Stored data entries
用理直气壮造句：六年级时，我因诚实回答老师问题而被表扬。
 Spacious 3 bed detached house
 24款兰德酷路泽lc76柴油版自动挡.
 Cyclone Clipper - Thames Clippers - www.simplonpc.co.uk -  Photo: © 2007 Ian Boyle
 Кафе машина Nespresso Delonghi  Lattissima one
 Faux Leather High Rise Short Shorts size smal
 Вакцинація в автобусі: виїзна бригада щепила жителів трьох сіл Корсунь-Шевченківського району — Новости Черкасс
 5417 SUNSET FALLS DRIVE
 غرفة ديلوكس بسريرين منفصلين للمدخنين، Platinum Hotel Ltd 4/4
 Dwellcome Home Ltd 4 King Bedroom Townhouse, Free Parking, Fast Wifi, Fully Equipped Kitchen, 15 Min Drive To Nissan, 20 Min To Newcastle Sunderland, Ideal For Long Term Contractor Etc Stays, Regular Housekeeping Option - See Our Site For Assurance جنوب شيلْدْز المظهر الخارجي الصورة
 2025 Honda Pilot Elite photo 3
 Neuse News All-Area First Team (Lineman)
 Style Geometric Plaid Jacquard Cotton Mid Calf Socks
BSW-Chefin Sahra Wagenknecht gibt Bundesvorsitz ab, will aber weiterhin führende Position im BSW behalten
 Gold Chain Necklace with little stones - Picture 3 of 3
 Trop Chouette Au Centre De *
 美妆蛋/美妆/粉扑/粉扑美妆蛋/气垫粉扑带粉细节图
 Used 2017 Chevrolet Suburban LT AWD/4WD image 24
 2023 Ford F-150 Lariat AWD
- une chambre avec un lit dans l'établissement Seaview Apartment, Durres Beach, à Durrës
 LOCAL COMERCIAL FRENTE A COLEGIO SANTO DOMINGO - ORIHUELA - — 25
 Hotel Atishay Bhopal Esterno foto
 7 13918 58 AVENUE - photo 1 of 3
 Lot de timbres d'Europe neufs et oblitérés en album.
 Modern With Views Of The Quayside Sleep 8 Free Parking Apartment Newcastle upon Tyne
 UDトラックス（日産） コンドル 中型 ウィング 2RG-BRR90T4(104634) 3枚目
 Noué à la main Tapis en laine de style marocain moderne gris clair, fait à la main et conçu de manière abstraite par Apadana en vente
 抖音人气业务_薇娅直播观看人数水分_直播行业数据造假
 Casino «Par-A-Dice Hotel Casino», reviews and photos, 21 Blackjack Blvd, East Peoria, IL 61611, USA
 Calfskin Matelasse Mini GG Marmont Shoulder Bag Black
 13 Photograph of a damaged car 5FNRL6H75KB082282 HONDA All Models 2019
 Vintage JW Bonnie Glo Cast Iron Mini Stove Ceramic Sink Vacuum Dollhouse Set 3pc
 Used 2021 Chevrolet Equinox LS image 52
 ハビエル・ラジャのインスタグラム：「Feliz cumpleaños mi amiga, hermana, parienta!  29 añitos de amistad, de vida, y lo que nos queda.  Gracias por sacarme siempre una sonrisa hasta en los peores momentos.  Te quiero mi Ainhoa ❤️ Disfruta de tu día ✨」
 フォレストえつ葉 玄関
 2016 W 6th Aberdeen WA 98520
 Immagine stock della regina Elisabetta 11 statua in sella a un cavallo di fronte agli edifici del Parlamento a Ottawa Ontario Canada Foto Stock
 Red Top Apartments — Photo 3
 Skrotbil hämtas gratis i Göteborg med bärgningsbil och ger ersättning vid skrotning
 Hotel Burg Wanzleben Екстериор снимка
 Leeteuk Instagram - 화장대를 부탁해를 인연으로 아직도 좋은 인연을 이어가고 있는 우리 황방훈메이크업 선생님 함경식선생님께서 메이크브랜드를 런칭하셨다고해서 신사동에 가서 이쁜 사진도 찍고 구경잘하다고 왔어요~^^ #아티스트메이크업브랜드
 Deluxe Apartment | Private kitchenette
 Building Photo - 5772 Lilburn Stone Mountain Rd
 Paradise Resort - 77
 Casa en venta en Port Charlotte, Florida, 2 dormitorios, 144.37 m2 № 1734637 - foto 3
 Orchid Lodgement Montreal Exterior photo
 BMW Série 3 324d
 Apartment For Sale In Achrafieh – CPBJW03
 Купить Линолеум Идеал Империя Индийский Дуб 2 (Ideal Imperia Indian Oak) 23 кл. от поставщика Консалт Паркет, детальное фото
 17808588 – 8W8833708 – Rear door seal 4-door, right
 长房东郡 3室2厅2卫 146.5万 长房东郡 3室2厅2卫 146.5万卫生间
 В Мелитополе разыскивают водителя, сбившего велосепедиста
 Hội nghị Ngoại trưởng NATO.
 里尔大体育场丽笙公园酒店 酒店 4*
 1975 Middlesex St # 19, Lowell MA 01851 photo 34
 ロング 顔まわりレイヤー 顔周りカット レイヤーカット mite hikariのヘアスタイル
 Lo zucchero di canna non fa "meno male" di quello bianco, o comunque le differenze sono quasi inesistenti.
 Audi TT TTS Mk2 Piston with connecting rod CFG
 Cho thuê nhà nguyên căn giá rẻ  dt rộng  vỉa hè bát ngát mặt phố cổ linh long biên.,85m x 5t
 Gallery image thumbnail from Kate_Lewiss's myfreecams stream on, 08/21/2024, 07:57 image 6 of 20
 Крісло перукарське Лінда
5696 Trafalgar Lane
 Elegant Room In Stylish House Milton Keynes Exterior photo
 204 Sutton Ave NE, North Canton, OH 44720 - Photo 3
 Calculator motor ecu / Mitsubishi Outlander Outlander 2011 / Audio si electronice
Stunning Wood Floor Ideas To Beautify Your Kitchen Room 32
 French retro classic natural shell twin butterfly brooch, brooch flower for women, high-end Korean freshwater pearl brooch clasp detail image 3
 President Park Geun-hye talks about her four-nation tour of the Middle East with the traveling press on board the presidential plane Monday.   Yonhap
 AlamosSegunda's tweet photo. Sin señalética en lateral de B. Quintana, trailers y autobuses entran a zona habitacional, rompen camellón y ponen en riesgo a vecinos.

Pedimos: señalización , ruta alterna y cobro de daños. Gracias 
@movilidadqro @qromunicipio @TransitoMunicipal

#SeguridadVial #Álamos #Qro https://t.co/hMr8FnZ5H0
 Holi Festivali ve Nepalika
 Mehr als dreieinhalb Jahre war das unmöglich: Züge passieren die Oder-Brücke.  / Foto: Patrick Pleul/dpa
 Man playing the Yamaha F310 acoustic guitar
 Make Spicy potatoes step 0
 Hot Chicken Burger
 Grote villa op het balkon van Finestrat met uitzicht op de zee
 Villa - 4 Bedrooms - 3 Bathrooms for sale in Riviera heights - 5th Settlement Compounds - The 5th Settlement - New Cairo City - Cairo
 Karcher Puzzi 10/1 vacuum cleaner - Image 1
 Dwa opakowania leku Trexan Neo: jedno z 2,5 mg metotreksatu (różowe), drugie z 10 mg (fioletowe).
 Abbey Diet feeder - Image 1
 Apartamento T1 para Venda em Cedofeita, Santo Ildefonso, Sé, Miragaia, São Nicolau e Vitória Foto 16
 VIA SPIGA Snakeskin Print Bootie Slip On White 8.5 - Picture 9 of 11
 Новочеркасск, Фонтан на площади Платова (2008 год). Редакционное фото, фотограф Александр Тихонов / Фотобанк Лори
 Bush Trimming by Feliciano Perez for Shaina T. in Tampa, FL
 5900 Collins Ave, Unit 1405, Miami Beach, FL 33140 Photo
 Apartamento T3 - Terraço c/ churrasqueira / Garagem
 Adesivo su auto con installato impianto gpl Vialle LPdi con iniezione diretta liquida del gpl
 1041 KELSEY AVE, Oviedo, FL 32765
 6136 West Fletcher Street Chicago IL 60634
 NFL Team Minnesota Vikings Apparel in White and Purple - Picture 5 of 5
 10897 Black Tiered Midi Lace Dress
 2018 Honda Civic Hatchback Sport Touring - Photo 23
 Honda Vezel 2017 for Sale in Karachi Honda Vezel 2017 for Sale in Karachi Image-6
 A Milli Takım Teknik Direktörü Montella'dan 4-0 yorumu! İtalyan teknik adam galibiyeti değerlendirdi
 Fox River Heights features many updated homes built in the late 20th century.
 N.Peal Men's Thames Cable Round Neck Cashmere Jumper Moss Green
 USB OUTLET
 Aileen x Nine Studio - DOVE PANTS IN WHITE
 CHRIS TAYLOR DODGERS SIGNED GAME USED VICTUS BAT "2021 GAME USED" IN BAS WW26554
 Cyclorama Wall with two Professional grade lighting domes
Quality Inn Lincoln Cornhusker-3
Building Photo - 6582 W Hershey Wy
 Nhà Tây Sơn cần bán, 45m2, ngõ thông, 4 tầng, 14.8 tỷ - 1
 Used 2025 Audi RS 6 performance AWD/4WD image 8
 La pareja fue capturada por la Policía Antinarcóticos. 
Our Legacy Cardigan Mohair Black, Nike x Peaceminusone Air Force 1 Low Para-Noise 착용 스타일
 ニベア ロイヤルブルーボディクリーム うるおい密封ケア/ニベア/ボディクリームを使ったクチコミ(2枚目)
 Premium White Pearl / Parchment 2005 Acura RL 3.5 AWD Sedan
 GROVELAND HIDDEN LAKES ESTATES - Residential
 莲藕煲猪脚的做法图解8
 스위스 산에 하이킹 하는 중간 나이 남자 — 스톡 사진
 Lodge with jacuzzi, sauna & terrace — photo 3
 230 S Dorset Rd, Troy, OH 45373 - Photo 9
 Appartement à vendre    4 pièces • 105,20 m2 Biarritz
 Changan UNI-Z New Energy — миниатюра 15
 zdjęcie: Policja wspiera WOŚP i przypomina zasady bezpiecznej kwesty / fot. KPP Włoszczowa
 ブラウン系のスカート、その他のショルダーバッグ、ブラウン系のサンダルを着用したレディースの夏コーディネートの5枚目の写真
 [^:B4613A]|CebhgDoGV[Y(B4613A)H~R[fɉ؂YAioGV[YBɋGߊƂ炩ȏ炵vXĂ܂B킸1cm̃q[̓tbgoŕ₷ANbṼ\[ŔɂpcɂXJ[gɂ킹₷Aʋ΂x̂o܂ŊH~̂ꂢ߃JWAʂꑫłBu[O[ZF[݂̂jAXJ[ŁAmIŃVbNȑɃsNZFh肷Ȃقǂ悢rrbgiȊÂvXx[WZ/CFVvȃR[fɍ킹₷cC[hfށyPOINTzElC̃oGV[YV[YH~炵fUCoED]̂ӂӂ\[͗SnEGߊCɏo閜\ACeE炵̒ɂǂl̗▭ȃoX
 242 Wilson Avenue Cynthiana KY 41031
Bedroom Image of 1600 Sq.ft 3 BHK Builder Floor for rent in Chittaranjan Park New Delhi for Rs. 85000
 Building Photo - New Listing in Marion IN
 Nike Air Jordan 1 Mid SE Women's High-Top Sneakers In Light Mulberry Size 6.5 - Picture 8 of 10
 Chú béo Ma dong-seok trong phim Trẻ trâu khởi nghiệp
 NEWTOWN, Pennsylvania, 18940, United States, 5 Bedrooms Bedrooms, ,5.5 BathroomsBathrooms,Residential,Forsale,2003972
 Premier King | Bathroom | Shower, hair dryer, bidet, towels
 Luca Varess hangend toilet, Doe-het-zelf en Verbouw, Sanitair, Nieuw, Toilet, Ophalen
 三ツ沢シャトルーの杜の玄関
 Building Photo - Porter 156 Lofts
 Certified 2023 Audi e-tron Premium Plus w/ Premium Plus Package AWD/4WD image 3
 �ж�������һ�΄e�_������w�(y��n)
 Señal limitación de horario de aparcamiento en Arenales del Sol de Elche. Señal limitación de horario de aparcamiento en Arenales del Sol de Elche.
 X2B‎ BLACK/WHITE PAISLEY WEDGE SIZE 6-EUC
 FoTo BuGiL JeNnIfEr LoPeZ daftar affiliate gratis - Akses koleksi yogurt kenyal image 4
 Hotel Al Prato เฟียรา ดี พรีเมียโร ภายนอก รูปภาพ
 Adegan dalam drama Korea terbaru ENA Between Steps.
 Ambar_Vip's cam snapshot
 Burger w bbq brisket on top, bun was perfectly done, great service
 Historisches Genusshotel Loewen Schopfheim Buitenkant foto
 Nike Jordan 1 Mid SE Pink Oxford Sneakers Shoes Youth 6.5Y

(AIM OF THE TASK) Each line from the beginning of the entries to the line with "Faux Leather High" must be repeated exactly, with both end lines kept and no other lines given.

(WRITTEN REPLY)
用理直气壮造句：六年级时，我因诚实回答老师问题而被表扬。
 Spacious 3 bed detached house
 24款兰德酷路泽lc76柴油版自动挡.
 Cyclone Clipper - Thames Clippers - www.simplonpc.co.uk -  Photo: © 2007 Ian Boyle
 Кафе машина Nespresso Delonghi  Lattissima one
 Faux Leather High Rise Short Shorts size smal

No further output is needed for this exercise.